• **REQUIREMENT**:
Below are records with pictures. Transcribe exactly, and only, the lines from the line with "Premium Queen Room" to the line with "Tahriri Table Runner", both ends included, but not the pictures.

• **DATA SHOWN**:
┌────────
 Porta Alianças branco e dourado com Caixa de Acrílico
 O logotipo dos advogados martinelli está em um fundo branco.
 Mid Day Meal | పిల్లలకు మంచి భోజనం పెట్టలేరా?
└────────
┌────────
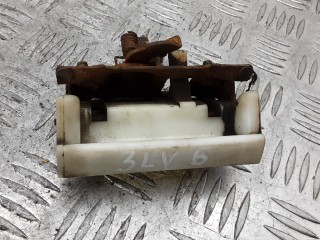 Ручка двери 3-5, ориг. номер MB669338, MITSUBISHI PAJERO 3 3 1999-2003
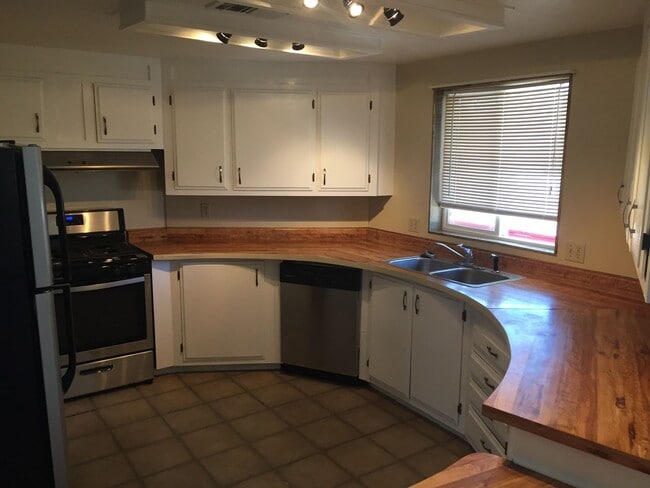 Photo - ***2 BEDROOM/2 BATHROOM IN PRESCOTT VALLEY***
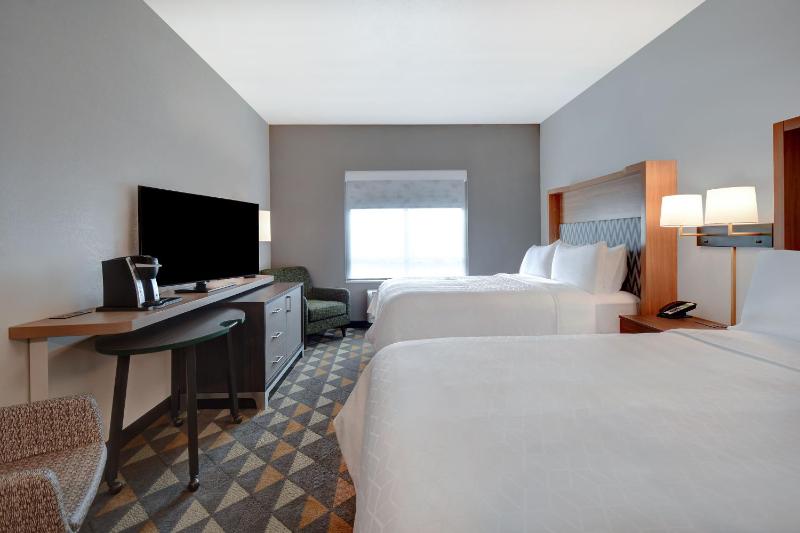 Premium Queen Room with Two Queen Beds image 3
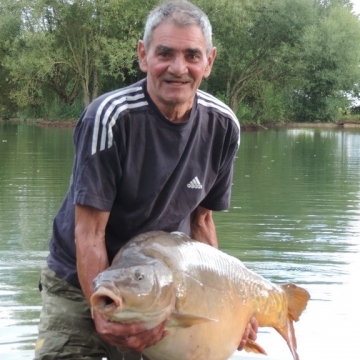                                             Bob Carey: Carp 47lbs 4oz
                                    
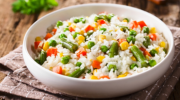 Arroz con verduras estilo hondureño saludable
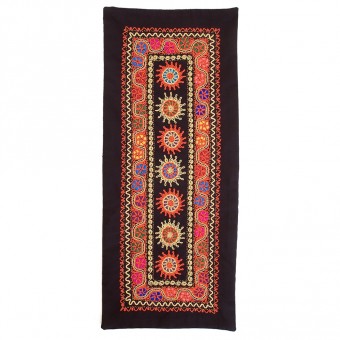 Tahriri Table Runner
└────────
• **WRITTEN ANSWER**:
 Premium Queen Room with Two Queen Beds image 3
                                             Bob Carey: Carp 47lbs 4oz
                                    
 Arroz con verduras estilo hondureño saludable
 Tahriri Table Runner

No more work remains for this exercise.